Work task:
Of the lines in the material below, print only those from the one containing "Glockenspiel chromatisch" to the one containing "Used 2007 Mercedes-Benz", ends included, exactly as written and without pictures.

[Source material Boundary: Start]

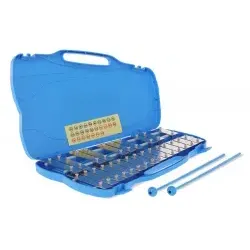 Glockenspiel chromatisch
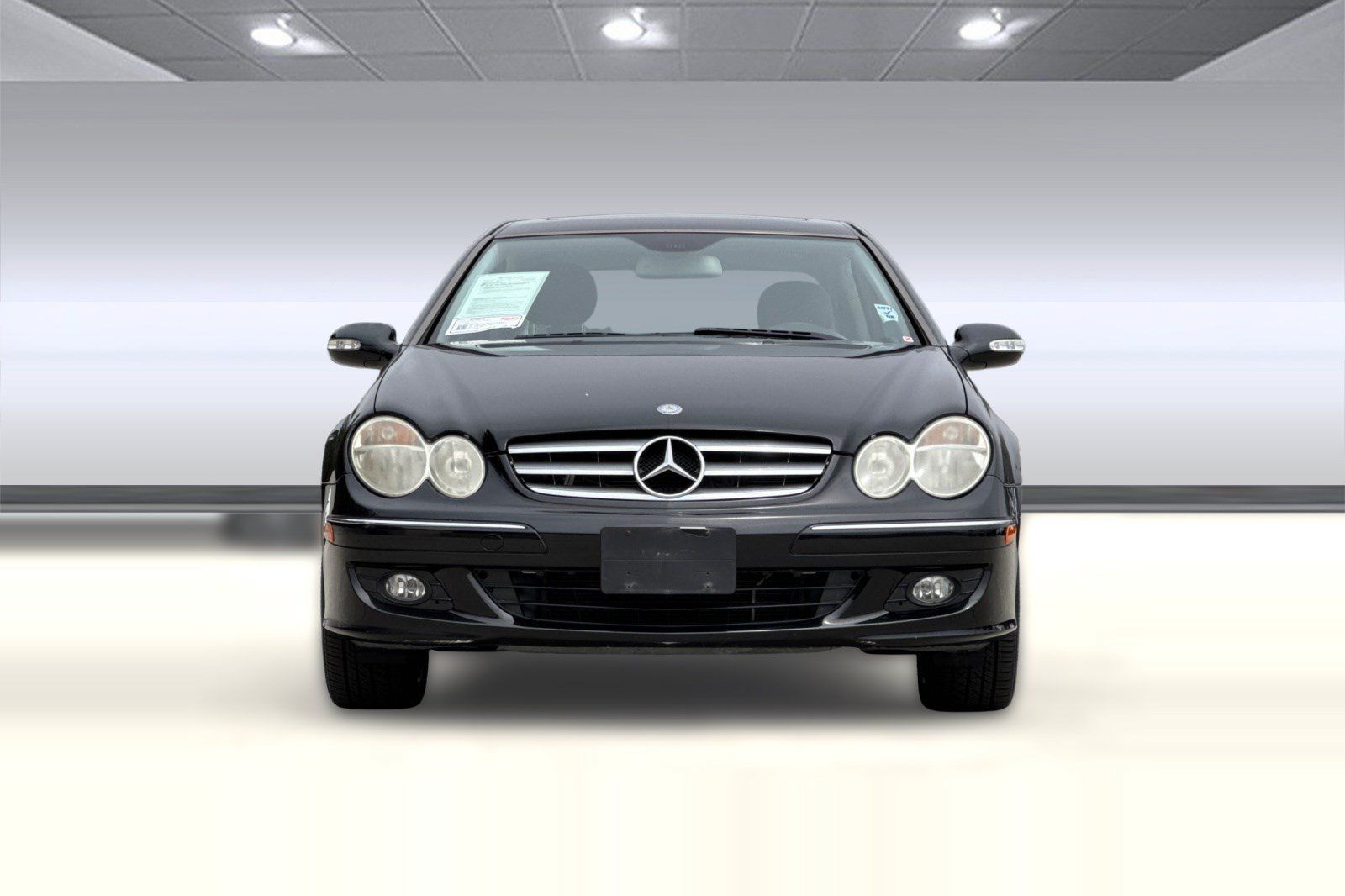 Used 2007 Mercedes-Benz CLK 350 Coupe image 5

[Source material Boundary: End]
[Source material Boundary: Start]

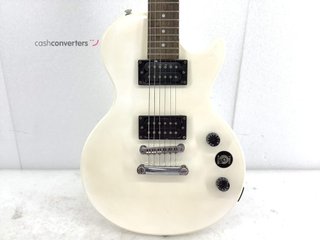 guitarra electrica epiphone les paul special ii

[Source material Boundary: End]

Response:
 Glockenspiel chromatisch
 Used 2007 Mercedes-Benz CLK 350 Coupe image 5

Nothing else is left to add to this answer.